Wednesday, July 7, 2010

Plants Produce Carbs From Air: Calvin Cycle

Homology Across 3 Phyla: Bacteria, Plants and Animals

Across 3 phyla, great homology (>90%) in our enzyme pathyways exist. The domains for energy production, synthesis and coordination are shared. See prior post: Animal Amour and Metabolic Networks

--Carbohydrate metabolism
--Energy metabolism
--Amino Acid metabolism
--Nucleotide metabolism
--Lipid metabolism




Plant Energy Conversion: Calvin Cycle

Plants produce energy for higher life forms to consume and spread seed. Flowering plants are only a recent blimp in the evolutionary timeline. Seeds in high-carbohydrate-containing fruit co-evolved with multi-cellular animals it appears.

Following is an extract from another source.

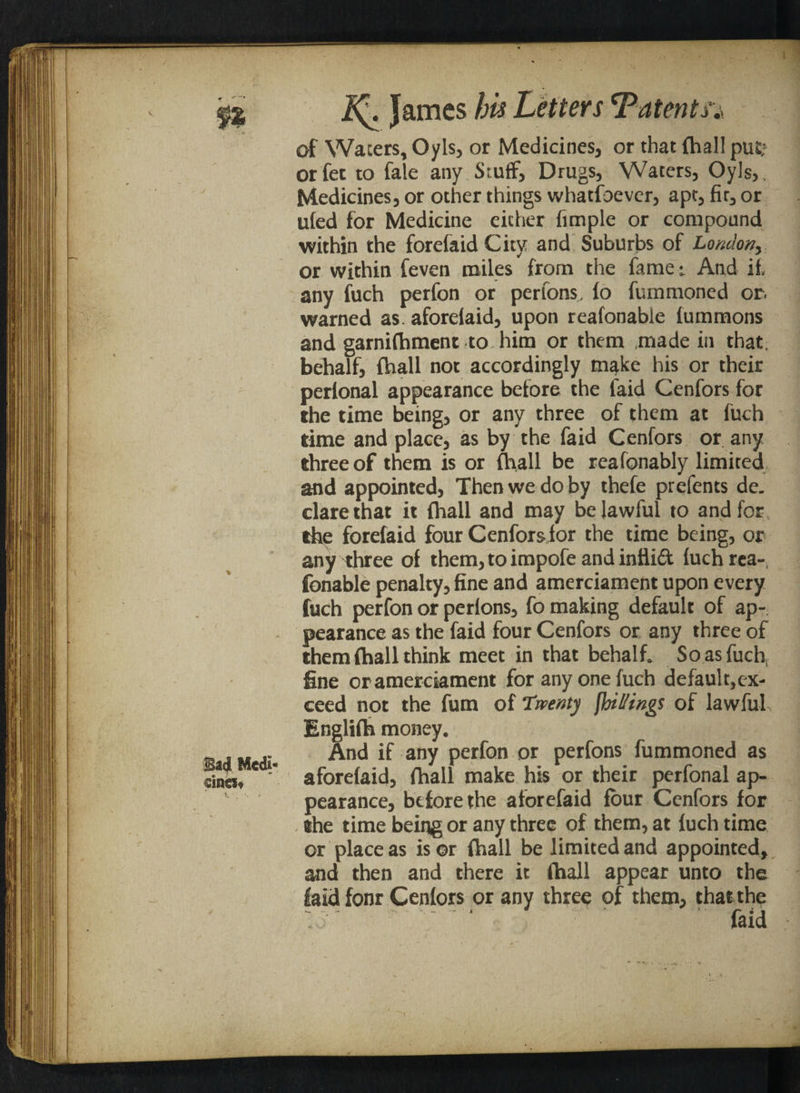 V Bad Medi¬ cines* 2^. James his Letters‘Patents;> of Wafers, Oyls, or Medicines, or that {hall put; orfet to fate any Stuff, Drugs, Waters, Oyls,, Medicines, or other things whatsoever, apt, fir, or uled for Medicine either fimple or compound within the forefaid City and Suburbs of London, or within Seven miles from the fame-. And if, any fuch perfon or perfons, fo Summoned or. warned as. aforelaid, upon reafonable Summons and garnishment to. him or them made in that, behalf, Shall not accordingly make his or their perfonal appearance before the laid Cenfors for the time being, or any three of them at fuch time and place, as by the Said Cenfors or any three of them is or Shall be reasonably limited and appointed, Then we do by thefe prefents de. dare that it Shall and may be lawful to and for the forefaid four Cenfors for the time being, or any three of them,toimpofe andinttid {uch rea¬ sonable penalty, fine and amerciament upon every fuch perfon or perfons, fo making default of ap¬ pearance as the faid four Cenfors or any three of them Shall think meet in that behalf. So as fuch, fine oramerciament for any one fuch default,ex¬ ceed not the fum of Twenty {bitting! of lawful Englifh money. And if any perfon or perfons Summoned as aforeSaid, Shall make his or their perfonal ap¬ pearance, before the aforefaid four Cenfors for the time being or any three of them, at fuch time or place as is or Shall be limited and appointed, and then and there it Shall appear unto the faid fonr Cenfors or any three of them, that the  faid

From air (CO2) and light (sun UV energy) carbohydrates, fatty acids and proteins are biochemically produced. Magic?

Yes.

The CALVIN CYCLE.



Plant Bio 101: Fructose, Glucose, Sucrose Produced from Calvin Cycle





How the Calvin Cycle Works Animation + Quiz (click)

Light is absolutely required. The Calvin Cycle cannot occur without UV energy, sunlight.

Fructose (monosaccharide) is first produced then interconverted to glucose (monosaccharide) with a one-carbon change, then sucrose is fused which can be transported throughout the plant. Sucrose (disaccharide) is fructose + glucose linked. Starch is complex carbohydrates linked together; digestion is the process of breaking down starch by our salivary amylases (enzymes = 'cutters'), our pancreatic enzymes and gut flora into glucose. Diagram courtesy of plant physiology Prof Ross Koning.

Table sugar = sucrose = fructose+glucose
Lactulose = galactose+fructose (see Dr. Ayers post)
Lactose = galactose+glucose (dairy)
Maltose = glucose+glucose

Starch = complex carbohydrate
High-Fructose-Corn-Syrup (HFCS) = fructose + contaminants (pesticides, GMO corn residues, LEAD)



Glucose is a 6-carbon chain Derivatized to Carbs, Protein, Fatty Acids

Outside of the Calvin Cycle, glucose can be made into other molecules for use into starches, cellulose, protein and fatty acids. Glucose is flexible. It can be made into so many useful things.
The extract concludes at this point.